(SOURCE DATA)

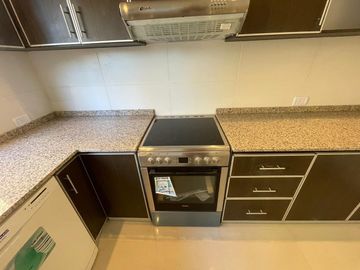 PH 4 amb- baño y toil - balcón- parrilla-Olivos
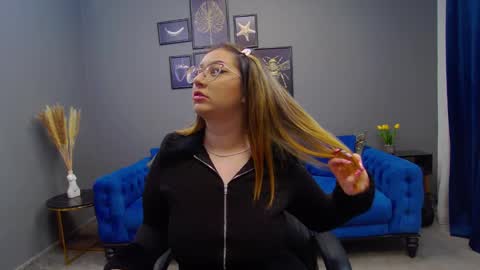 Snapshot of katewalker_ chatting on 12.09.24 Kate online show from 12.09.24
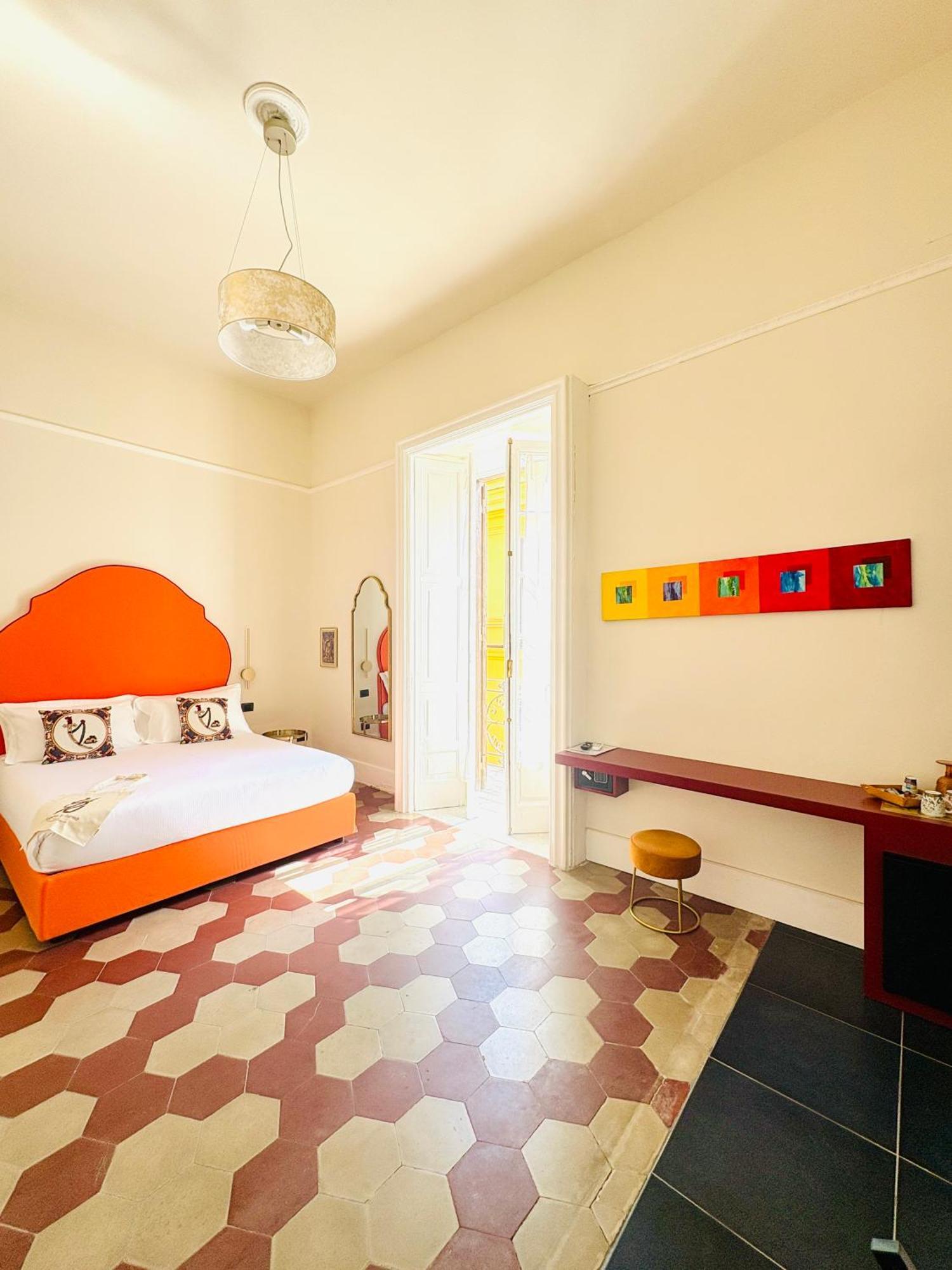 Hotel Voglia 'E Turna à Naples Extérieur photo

(YOUR INSTRUCTIONS)
Using the listing above, write out exactly the lines from the one that holds "Snapshot of katewalker_" through the last line, both included, and omit pictures.

(REPLY)
 Snapshot of katewalker_ chatting on 12.09.24 Kate online show from 12.09.24
 Hotel Voglia 'E Turna à Naples Extérieur photo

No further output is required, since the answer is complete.